** RAW DATA **
※ ※ ※
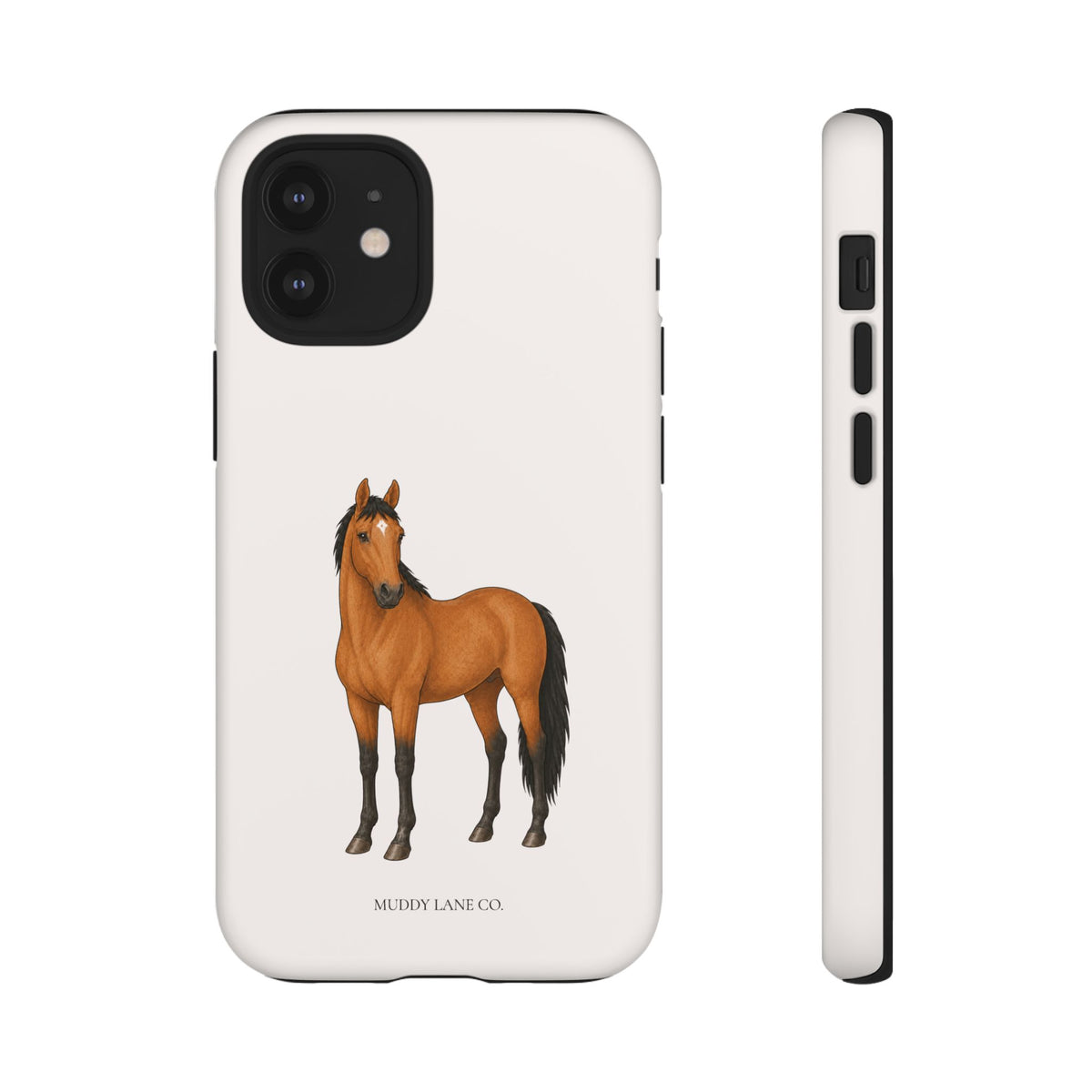 Chestnut Horse Tough Phone Case in Warm Cream Matte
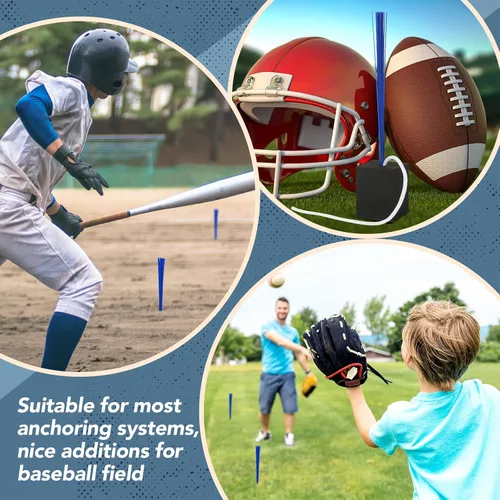 Vista 3 de Shappy 12 tapones de base de béisbol con borla, tapones de anclaje resistentes para campo de béisbol y accesorios de sóftbol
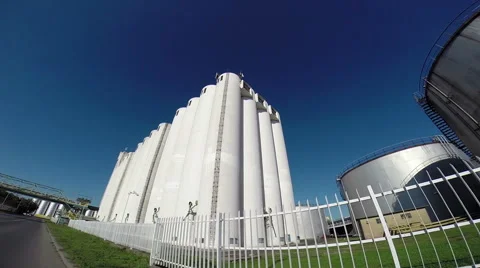 Giant Grain Storage Silos Stock Footage 55767634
※ ※ ※
** TASK PROMPT **
Beginning at the line that contains "Vista 3 de Shappy", retype each line of the data above through the very last one. Do not retype the pictures.

** ANSWER SPACE **
 Vista 3 de Shappy 12 tapones de base de béisbol con borla, tapones de anclaje resistentes para campo de béisbol y accesorios de sóftbol
 Giant Grain Storage Silos Stock Footage 55767634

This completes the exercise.